Woolnough to Direct First Musical, ‘Little Women’


Members of the cast practice their lines during rehearsal a few days before opening night.

Lauren Hayden, Reporter

   Telling someone to pretend that he has cotton in his ears may seem strange, but for director Scott Woolnough, this is standard procedure.

   “In the last show I did with Scott, there was a gun involved and I ended up shooting it off next to my ears and I was deaf, and I had no idea how to do this. Scott had me mimic him and he also used analogies like ‘I have cotton in my ears and all these people are whispering,’” said Jacob Schweiger, who plays the role of Laurie in this year’s musical, “Little Women.”

   This production is the first musical that Woolnough has directed, and he has a directing style that many players find creative and fun.

   “When working with Scott, he’s helped me to think about the actor’s story. He’s challenged me to consider what the character has been through and what their motivations would be,” said senior Maria Weidemoyer, president of the Misericordia Players.

   Woolnough said directing his first musical isn’t terribly different from directing plays.

   Still, he said musicals require a lot more delegation and collaboration, such as that between the music director, Kim Johnson, and choreographer, Madison Bradley.

   But Woolnough’s directing will not change. He said he does not like to give line readings nor does he give specific direction to his actors.

   “I don’t want 17 little me’s running around onstage,” said Woolnough.

   He said he likes to leave acting decisions to the discretion of the performer.

   “I distinctly remember he went through and told me to think about every time my character would get angry or be sad, and visualize that all into one ball of energy and let it be the center of myself. After rehearsal, Scott said that was the best that I had done,” said Weidemoyer.

   Player Megan Digerolamo said she has a tendency to get inside of her own head and she worries about impressing the directors.

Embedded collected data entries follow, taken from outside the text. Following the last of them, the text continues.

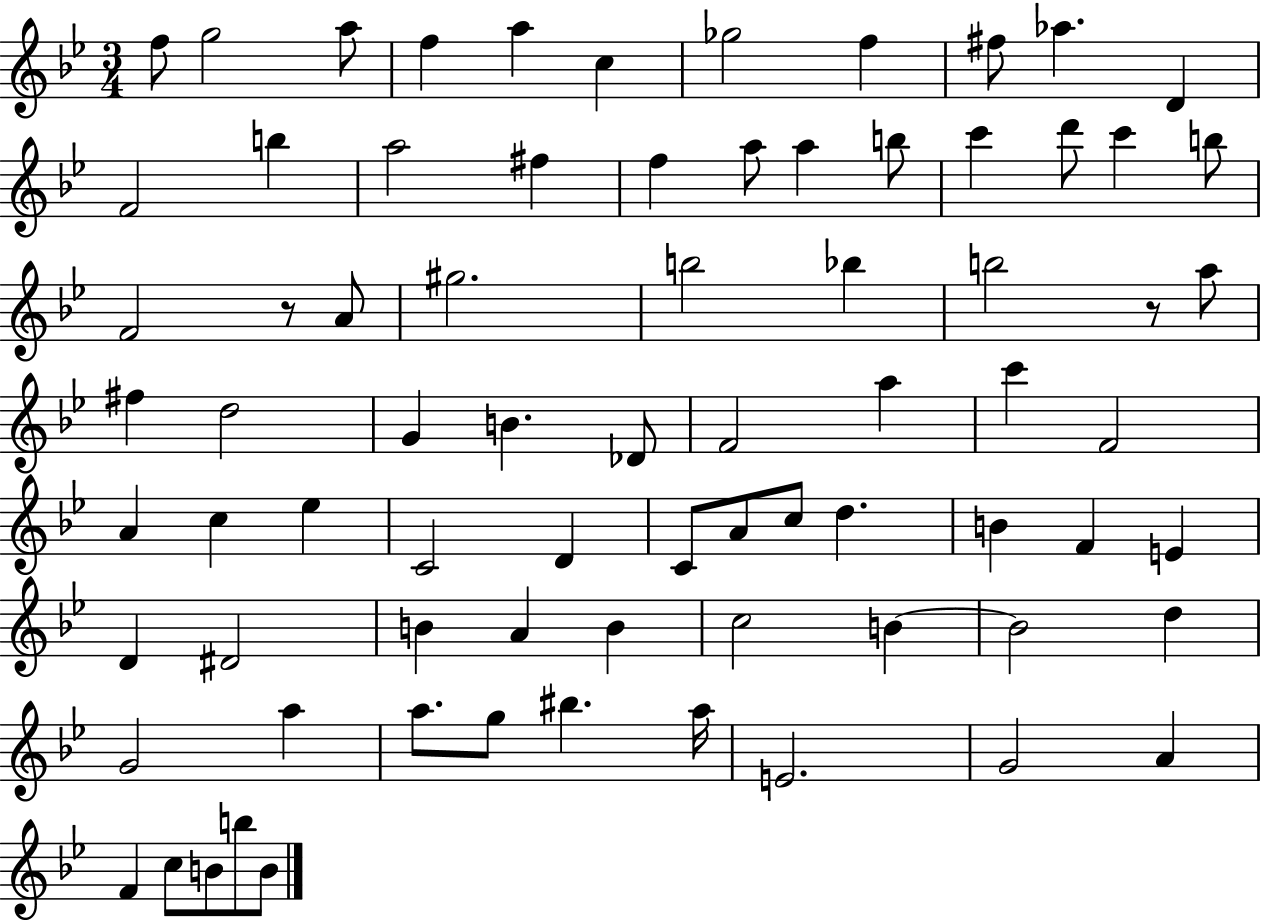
{
  \clef treble
  \numericTimeSignature
  \time 3/4
  \key bes \major
  f''8 g''2 a''8 | f''4 a''4 c''4 | ges''2 f''4 | fis''8 aes''4. d'4 | \break f'2 b''4 | a''2 fis''4 | f''4 a''8 a''4 b''8 | c'''4 d'''8 c'''4 b''8 | \break f'2 r8 a'8 | gis''2. | b''2 bes''4 | b''2 r8 a''8 | \break fis''4 d''2 | g'4 b'4. des'8 | f'2 a''4 | c'''4 f'2 | \break a'4 c''4 ees''4 | c'2 d'4 | c'8 a'8 c''8 d''4. | b'4 f'4 e'4 | \break d'4 dis'2 | b'4 a'4 b'4 | c''2 b'4~~ | b'2 d''4 | \break g'2 a''4 | a''8. g''8 bis''4. a''16 | e'2. | g'2 a'4 | \break f'4 c''8 b'8 b''8 b'8 | \bar "|."
} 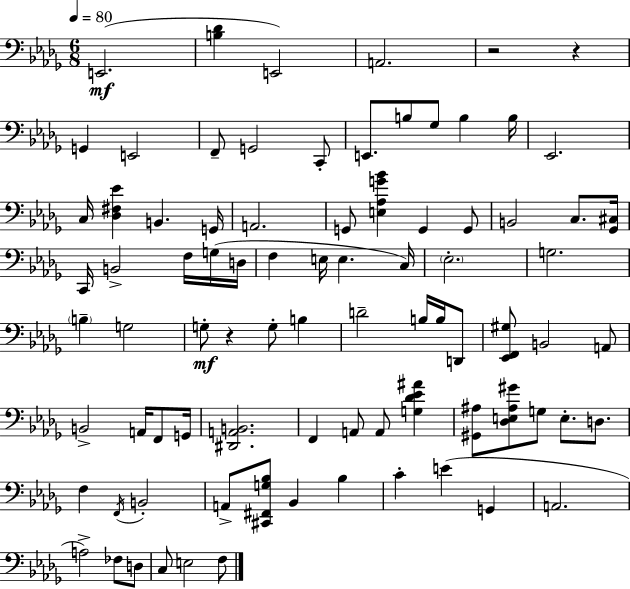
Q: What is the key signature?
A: BES minor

   “I remember going to Scott at one point and saying ‘I’m sorry that I’m so bad,’ and he totally eased my mind. I thought because I wasn’t getting notes [in rehearsal] that I was basically a lost cause, but I thanked him for the opportunity to actually act. I wasn’t just a one-dimensional character.He showed me that acting is so much more than you just standing on stage and reciting lines. It has a lot more depth to it,” Digerolamo said.

   Woolnough said it is rewarding to see the moment when the actor “gets it.”

   “There’s so many of us who will go through the motions, but then once the chemistry clicks, and it may not necessarily be anything I did, it’s just the way they connect with the words or another actor. I just like that moment,” he said.

   It is not uncommon for Woolnough to run up and down the aisles of the theater or be there on stage with the actors while he is directing. Schweiger  said Woolnough’s warmups help with his diction, and he has become a more confident public speaker.

   “It’s nerve wracking, being in front of a couple hundred people and having to have your lines memorized and having to sing in front of people because it’s something that most people keep reserved. That kind of trickles into the rest of your life, where these things you usually keep reserved, you don’t have to worry about it because you have that confidence,” said Schweiger.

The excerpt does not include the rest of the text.